Perhaps the closest thing to an "outsider" victory came in Nebraska, where millionaire investment banker Chuck Hagel came from behind to defeat popular Democratic Gov. Ben Nelson to replace retiring Sen. James Exon. Hagel, a decorated Vietnam veteran and former Reagan administration official, had trailed Nelson by well over 20 points but closed the gap by Election Day.

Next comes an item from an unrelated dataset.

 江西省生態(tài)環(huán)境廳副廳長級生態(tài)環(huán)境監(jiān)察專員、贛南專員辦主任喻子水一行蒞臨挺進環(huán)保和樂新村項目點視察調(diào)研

Of the eight incoming Republicans, only one - Susan Collins of Maine - probably would draw a raised eyebrow from conservative activists. A supporter of abortion rights and gun control, Collins narrowly defeated former Gov. Joseph Brennan to win the seat of retiring GOP Sen. William Cohen. While Cohen had won plaudits from conservatives for his defense and intelligence views, overall, he was regarded as a moderate with a lifetime 48 percent rating from the American Conservative Union. The other seven new Republicans all actively were supported by conservative elements with in their state parties. And Washington conservatives are rubbing their hands with delight.